Special assessments can be a unique animal for our property analysts and a deadly beast for a new property owner. That’s a bit dramatic, but they’re one part of the whole municipal lien search puzzle that gives a buyer a clear look at the financial health of a property and can be tricky to track down. Special assessments also cause current homeowners a lot of stress when facing municipal bills they might not have ever expected. After all, if the home was bought 20 years ago and the septic system works fine, why would owners want to connect to the city or county sewer system?
While title agents and other real estate professionals are familiar with assessments, some potential buyers may not be fully aware of how these bills will affect their biggest financial investment.
Here’s the classic conundrum: You are buying a home. You have searched the current owner’s name in the clerk of the court and requested the most current utility balance on the property. However, after closing, you come to find that there is an unpaid assessment on the property for sewer connection. Where did you go wrong?
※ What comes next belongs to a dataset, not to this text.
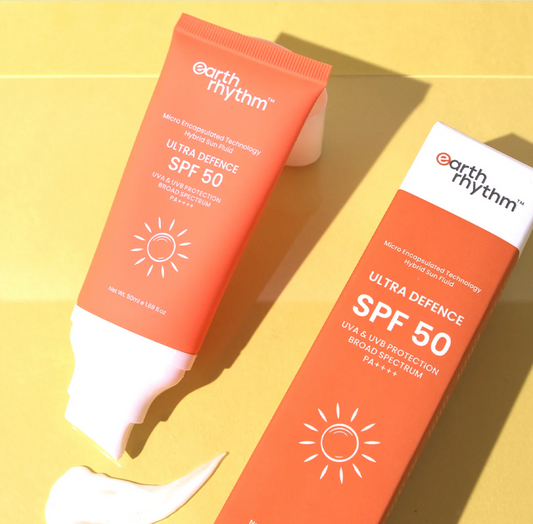 Ultra Defence Hybrid Sunscreen Fluid - SPF 50, UVA and UVB Protection and PA++++
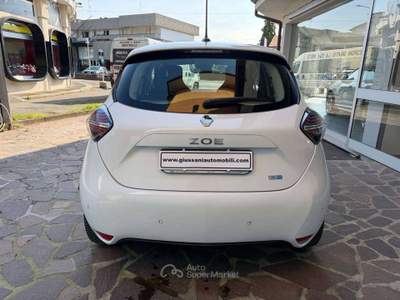 Renault ZOE Life R110 BATTERIE DI PROPRIETA' UNICO PROPRIETARIO BELLISSIMA Bianco usata Cesano Maderno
What is a special assessment?
Special assessments are charges levied against a particular property that will gain a benefit from a public project. Special assessments typically include infrastructure improvements such as new roads, street lights, or sewer, stormwater, and water connections to the municipal supply. This type of charge is not listed in the ad valorem taxes of the property.
Some counties will list special assessments on the non-ad valorem tax line of a property’s bill, but not always.
In addition to public special assessments, living in a condo, townhouse or house that is part of an HOA or COA may also see special assessments levied by the private association. This can go toward anything in the community that will improve the general amenities for the residences. This assessment is in addition to HOA fees.
How do you find a special assessment on a property?
The major problem with public special assessments is that they can be easy to lose track of on a property that has changed owners several times since the assessment was first placed on the property. Special assessments are usually found in the public record of the county, but not always. If a new buyer is not aware of the chain of title and only does a name search in the clerk of the court on the most current owner, the assessment and pay off will not be found under that owner.
This is why it is imperative to get an official assessment search, payoff request, or municipal lien search from governing authorities who have the power to levy an assessment.
For instance, in Pasco county, any property, whether it be in the jurisdiction of the county or in an incorporated city, has the potential of being assessed for paving improvements by the county. Unless this is specifically requested from the county, the unpaid assessment may be missed. To ensure that no amounts owed to the municipality are overlooked, it is highly advised to always get this paving assessment search completed by the county for every property in Pasco.
Palm Beach County also levies special assessments on property for pavement, water, and sewer connections. Although the original lien might be easy to find on the owner that it was levied on at the time in the clerk of the court, this lien does not always list the most current amount owed to the municipality due to interest or adjustments in cost. A payoff request must be made to the county in order to receive the most accurate amount due before the closing.
It’s the job of our property analysts to work diligently to report all money owed to a municipality or homeowner’s association on commercial or residential property. We know that special assessments can be especially sneaky for a new home buyer, which is why we work hard to provide clarity in our municipal lien search reports and educate every consumer, regardless if they are directly (indirectly) working with us.